A bachelor, General Taylor died in April 1839, leaving Dowdstown to a nephew, Thomas Edward Taylour whose branch of the family lived at Ardgillan Castle (originally called Prospect House) in County Dublin. It appears that when his mother died twenty years later, Thomas and his younger brother Richard Chambre Hayes Taylor who had inherited Ardgillan swapped properties. Accordingly the Dowdstown estate now passed into the possession of Richard Taylor who, like his uncle before him, was a professional soldier, having entered the British army in 1835 at the age of 16. He subsequently saw service in India on a couple of occasions (being there during the Indian Mutiny of 1857 and involved in the Capture of Lucknow), and took part in the Crimean War. Like his uncle he eventually rose to the rank of General and was knighted two years before his death in 1904.

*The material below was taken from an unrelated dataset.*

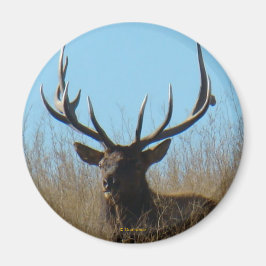 E26 Bull Elk Lsticking i Ogräs Magnet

In 1863 he married Lady Jane Hay, a daughter of the eighth Marquess of Tweeddale, and it was no doubt as a result of this union that the ‘cottage style’ property he had inherited at Dowdstown was deemed insufficient. One of the period’s most popular architectural practices, Lanyon, Lynn & Lanyon, was requested to enlarge the place, possibly with the assistance of another Ulster architect Samuel Patrick Close who worked with the firm on many occasions. As today’s pictures show, Dowdstown might be described as offering something for everyone, since it displays a fantastical array of styles both inside and out. The south-facing façade, for example, is somewhat French in flavour, thanks to a turreted corner with conical slate roof and a large central bow projection. The west-facing entrance front on the other hand, looks more Jacobethan in inspiration, with a four-storey belvedere-topped tower to the immediate left of the main door which has a heavily ornamented porch. The interiors are equally eclectic but the most heavily decorated areas are the drawing room and adjacent staircase hall, each visible to the other thanks to a screen of coloured glass between them, the whole divided into sections by heavy banded pilasters with richly carved capitals; they imitate those in stone on the porch.
It’s open to question how much time the Taylors ever spent living at Dowdstown. For a number of years in the 1880s the General was Governor of the Royal Military College at Sandhurst and seems to have settled in England following his retirement, dying in Surrey in 1904. Dowdstown seems to have been rented out for long periods before finally being sold in 1926 to a religious order, the Columban Fathers who initially used it as their own residence before finding other purposes for the building. Since such is no longer the case, the order is now offering Dowdstown for sale.